Verplichte herbeoordelingen art. 21 Wzd vervallen: minister wil onnodige uitvoeringslasten voorkomen

Verplichte herbeoordelingen art. 21 Wzd vervallen: minister wil onnodige uitvoeringslasten voorkomen

Om onnodige werklast te voorkomen, heeft de minister aangekondigd dat de herbeoordelingen van art. 21 niet hoeven plaats te vinden tot het moment van inwerkingtreding van een wetswijziging. De IGJ zal hier in haar toezicht rekening mee houden.

Meer informatie over welke besluiten het gaat, vind je hieronder.

Toelichting

In de recent verschenen Kabinetsreactie op het Evaluatierapport Wzd en Wvggz, neemt de minister een groot aantal aanbevelingen over en bereidt op onderdelen wetswijziging van de Wzd voor. Eén van de voornemens is om de procedure van art. 21 in zijn geheel te herzien.
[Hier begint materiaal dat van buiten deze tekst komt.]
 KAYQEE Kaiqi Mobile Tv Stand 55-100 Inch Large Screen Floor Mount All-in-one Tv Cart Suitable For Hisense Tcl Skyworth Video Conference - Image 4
Om grote uitvoeringslasten te voorkomen, heeft de minister nu aangekondigd dat de herbeoordelingen van art. 21 niet hoeven plaats te vinden tot het moment van inwerkingtreding van een wetswijziging. De IGJ zal hier in haar toezicht rekening mee houden. Oude Bopz-besluiten die na invoering van de Wzd in 2020 als opnamestatus gelden, zouden op 1 januari 2025 aflopen, waarna volgens de Wzd opnieuw beoordeeld zou moeten worden, met een grote werklast tot gevolg. Die verplichte herbeoordeling is nu van de baan.

Indien nodig en gewenst, zal het mogelijk blijven voor cliënten en vertegenwoordigers om in individuele gevallen te vragen of een besluit tot opname en verblijf nog steeds is aangewezen. Bij alle in 2020 omgezette besluiten die in 2025 zouden aflopen gaat het doorgaans om cliënten die langdurig in de VG of PG verblijven en waarvoor het besluit onder de oude wet Bopz geen geldigheidsduur kende. De Wzd kent echter wel een geldigheidsduur van 5 jaar. Dit besluit van de minister voorkomt dat naar verwachting circa 23.000 besluiten opnieuw aangevraagd en beoordeeld moeten worden. Daarmee voorkomt het een te grote en onnodige administratieve belasting.